The placement of the adverb only in a sentence is a matter to which many writers and speakers give Insufficient attention.  That is ironic because grammarians, academics, and others have debated such placement for hundreds of years, beginning with Reverend Robert Lowth in 1762.  The book The New Fowler's Modern English Usage, Third Edition, devotes a page and a half to only (see below).

You have probably written or said something like this:  I  only wrote two poems last night.  That construction could suggest that its author didn’t do anything last night but write two poems. Clarity requires that the sentence be changed to I wrote only two poems last night. 

Another example of the displacement of only:  His jacket to the view was only clean. That suggests the rest of his clothing wasn’t clean, which isn’t what the writer meant. He should have written His jacket only to the view was clean, which means the writer could see only his jacket and it was clean.

Displacement is most common in conversation.  Someone may say She only died a week ago. That translates into “A week ago she didn’t do anything but die.” Obviously,  the sentence should read “Only a week ago, she died” or “She died only a week ago.”  Henry William Fowler, who published the gold standard of English usage books in 1926, excused the error on the ground that a reasonable person would understand what the speaker was saying.  But why leave it to chance? Fowler died in 1933.  His book was updated by R. W. Burchfield and published in 1965 as The New Fowler's Modern English Usage.

What is meant when a writer composes the following sentence?  John only drinks beer when alone.  Does the writer mean when John is alone he doesn’t drink anything but beer?  Or does the writer mean John doesn’t drink beer unless he is alone? Both interpretations are plausible.
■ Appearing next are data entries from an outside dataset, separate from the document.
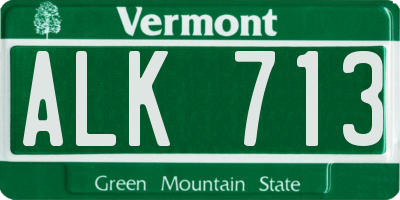 VT license plate ALK713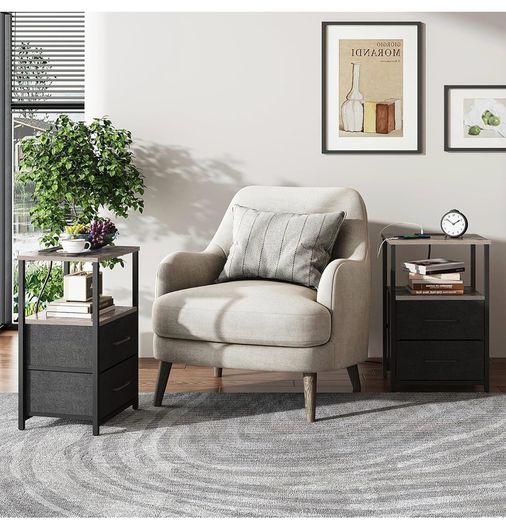 Bedside Table with Charging Station, Side Table with 2 USB Ports and Outlets, Nightstand with Cloth Drawer, Set of 2, End Table, Greige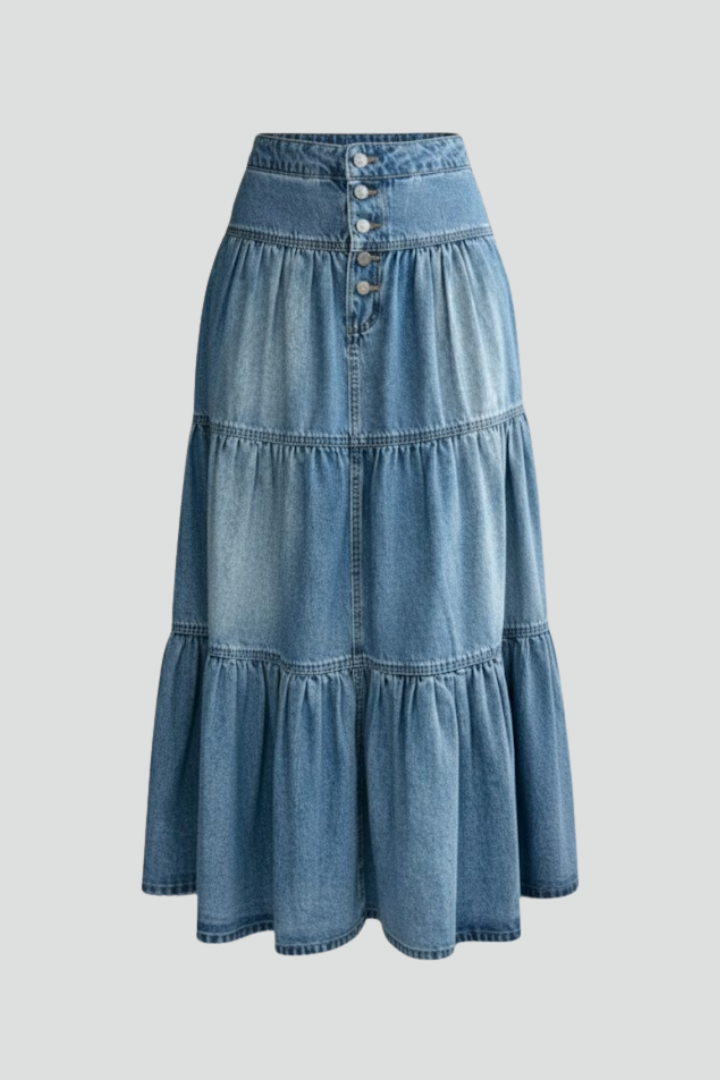 Della Skirt — Denim Button-Front Tiered Maxi Skirt
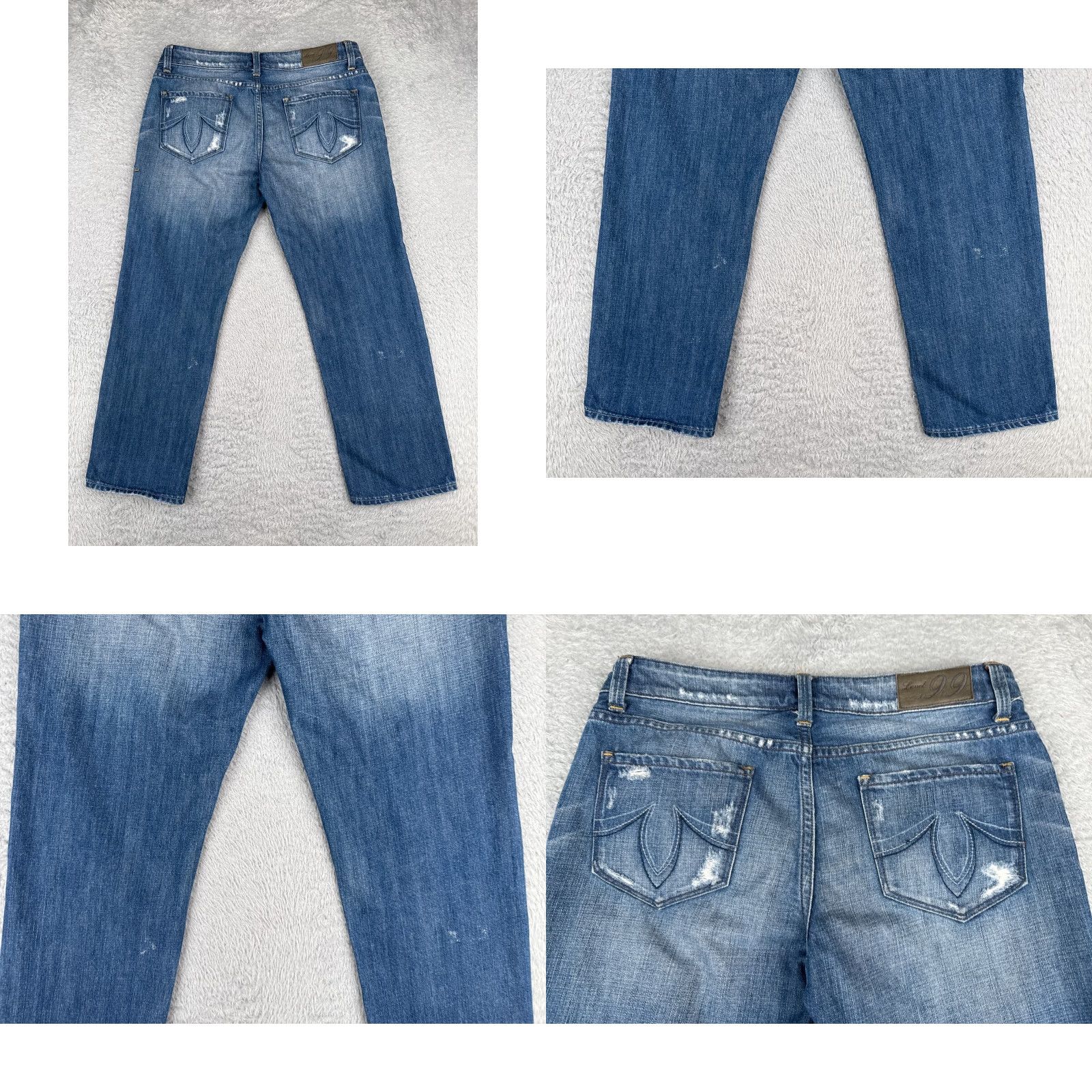Anthropologie Level 99 Jeans Womens 26 Blue Denim Crop Straight Distressed 5-Pocket Design 90s Cowboy Southwestern American Designer Size 26" / US 2 / IT 38 - 10 Thumbnail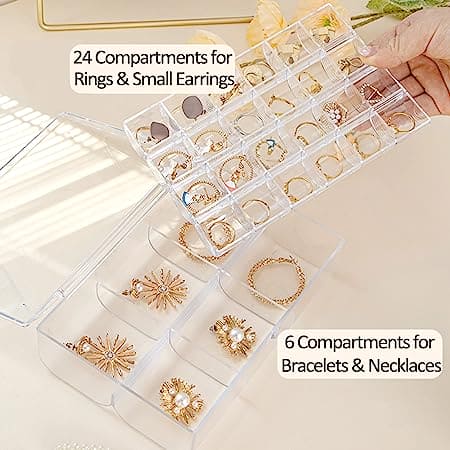 Acrylic Jewellery Divider, Transparent Jewelry Organizer, Multi Compartment Jewellery Cosmetic Container, Multipurpose Household Supplies Organizer Box, Clear Cosmetic And Jewelry Organizer Box
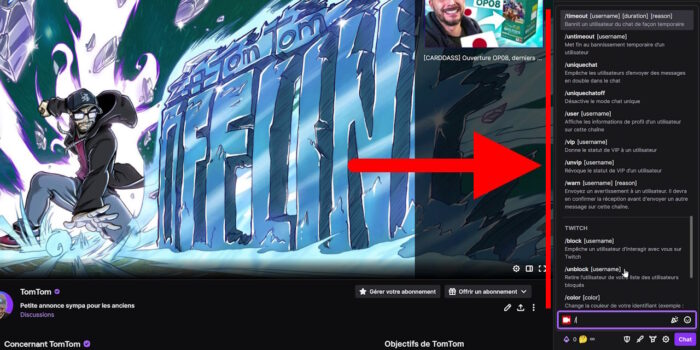 twitch liste des commandes du chat d'un diffuseur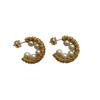 Classic Pearl Full Diamond C-Shaped Stud Earrings, Elegant Diamond-Set Temperament, Advanced Light Luxury, Niche Retro Versatile C Earrings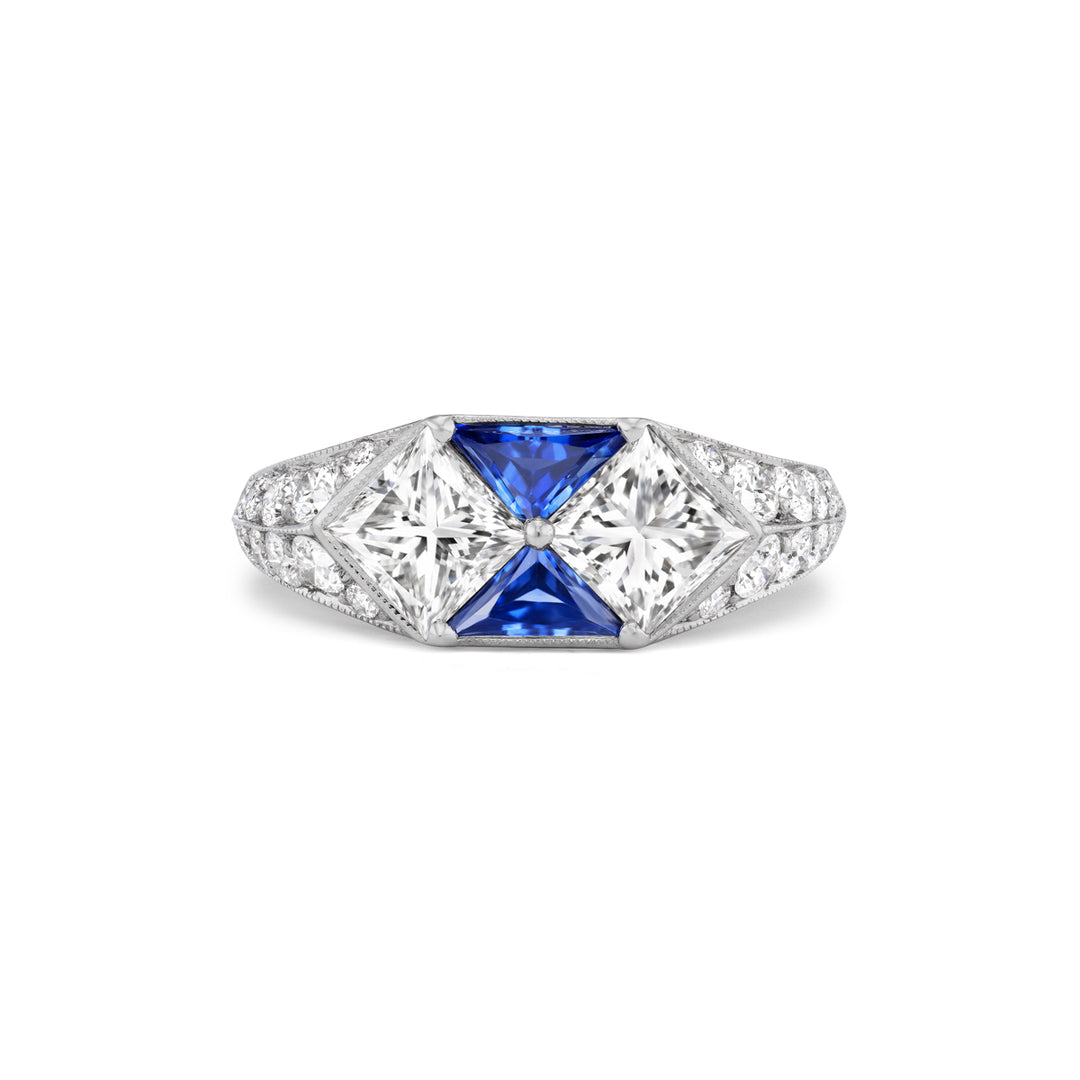 Platinum Ring with Center Princess Diamonds & Sapphires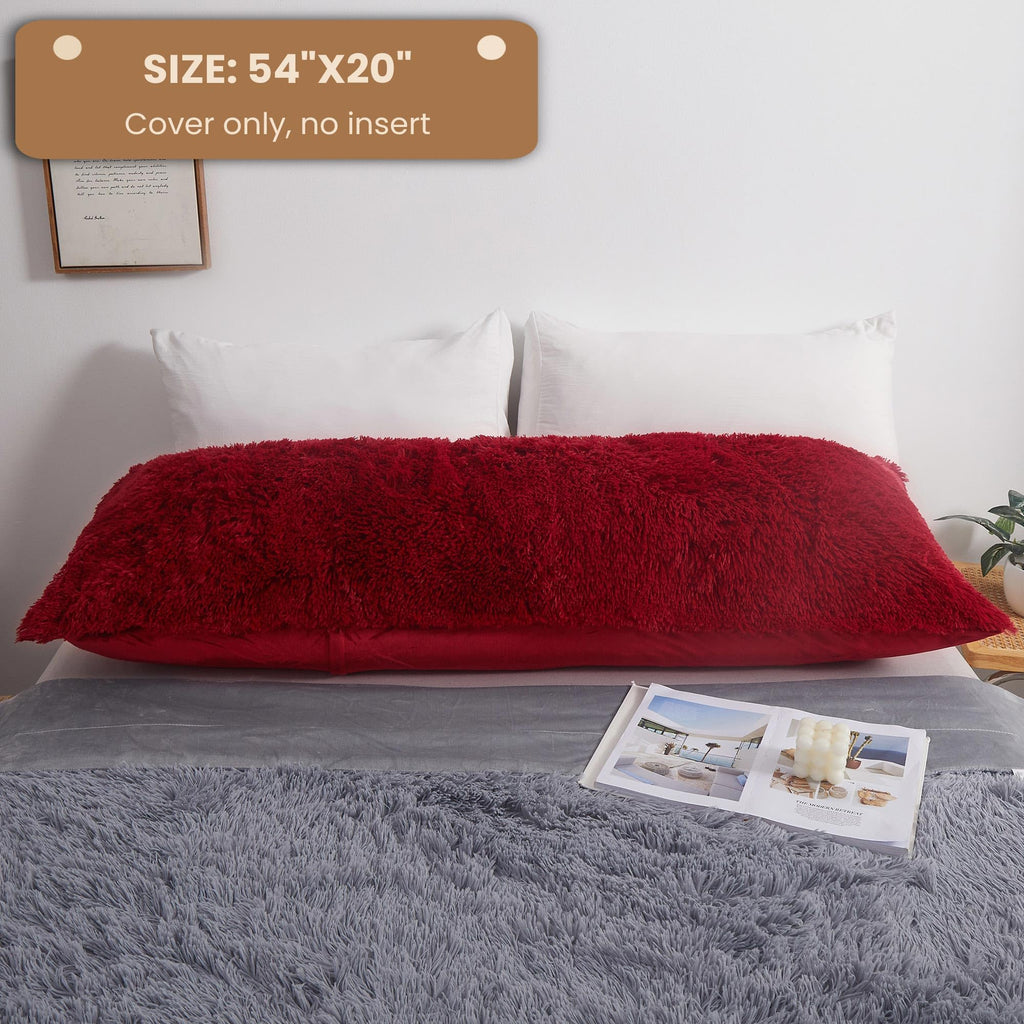 Mego Luxury Fluffy Body Pillow Cover, 20X54 Shaggy Faux Fur Body Pillow Case, Red Soft Plush Fuzzy Body Pillowcase, Decorative F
Assume you are writing about a boy who loves dogs.  You could write Sean only loves dogs (the solitary thing he loves is dogs).  Or you could write Only Sean loves dogs (no one else loves dogs).  Or, finally, you could write Sean loves only dogs (he doesn’t love anything else).  The meaning of the three sentences is clear; only is not displaced. I include the sentences here to demonstrate how placement of only changes meaning.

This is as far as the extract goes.